Los textos clásicos combinan tradición e innovación a partes iguales. Son únicos en su género, es decir, en su “clase”, de ahí su calidad de “clásicos”. Son únicos porque se integran en nuestra tradición cultural, pero la redefinen constantemente. No una sola vez (por ejemplo, en el momento de su aparición), sino en una miríada de ocasiones. Cada lectura actualiza esos principios atemporales que mencionaba al principio, y, con ellos, cada lectura, también, cambia nuestra perspectiva de la realidad. Una primera lectura de los clásicos revela formas de ver el mundo que, a buen seguro, se nos habían escapado. Pero igual ocurre con una segunda lectura, y una tercera, y una cuarta. Son textos únicos porque son inagotables.

¿Puede la literatura formar mejores líderes? Si es así, ¿de qué manera concreta?

Más bien, la pregunta debería ser: ¿Puede haber buenos líderes que no lean literatura? La literatura no es un libro de texto ni una asignatura que se aprende en la escuela. La literatura es una experiencia que moldea nuestra forma de pensar y de relacionarnos con la realidad.

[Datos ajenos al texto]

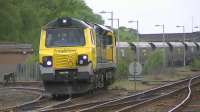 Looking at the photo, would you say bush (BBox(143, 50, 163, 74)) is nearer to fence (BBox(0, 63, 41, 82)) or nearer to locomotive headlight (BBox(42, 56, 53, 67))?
fence (BBox(0, 63, 41, 82))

Un argumento filosófico tiene un valor humanístico incalculable, pero la recreación literaria de un conflicto, la expresión estética de un principio ético o la construcción lírica de un deseo se imbrican en nuestra conciencia de tal modo que, una vez leídos, ya no pueden no haberse leído, y entran a formar parte, así, de nuestra propia experiencia vital. Un buen líder solo puede surgir de esa mezcla entre el sentido racional de la realidad y la sensibilidad afectiva en las relaciones humanas, de modo que pueda crear vínculos sólidos en los equipos que lidera. La experiencia literaria ayuda de manera crucial a crear sujetos en los que se dé esa mezcla.

¿Qué autores u obras considera especialmente útiles para reflexionar sobre los dilemas éticos en la empresa actual?

La lista es interminable. No acabaríamos nunca. Homero, Heródoto, Tucídides, Esquilo, Sófocles, Eurípides, César, Catulo, Tácito… Cicerón, en su obra De Officiis (III, 11), advierte que lo honesto nunca puede entrar en conflicto con el beneficio (utilitas), es decir, el beneficio no puede obtenerse sacrificando la ética, lo honesto, porque, en última instancia, lo honesto y el beneficio son lo mismo. No hay beneficio si se rompe el tejido de las relaciones personales entre quienes disfrutan de dicho beneficio.

El conflicto entre una cosa y otra (beneficio y honestidad) no es real, ya que la injusticia y el engaño no constituyen una verdadera utilidad. Antes, al contrario, corrompen y devalúan el propio beneficio. ¡Ojo!, la idea no solo funciona en sentido ético, también en sentido económico-social. Los estoicos sostenían el mismo principio: “utile esse censerent nec utile quicquam, quod non honestum”, es decir, solo es verdaderamente útil aquello que es honesto. Benjamin Franklin tenía este principio muy en cuenta. Adivinen qué autores leyó para comprenderlo.

Si un directivo de hoy le dijera que no tiene tiempo para los clásicos, ¿cómo lo convencería de lo contrario?

Tres horas con Tucídides y su comprensión pragmática del mundo ahorran varios meses, por no decir años, de intentar entender la errática política exterior de Trump.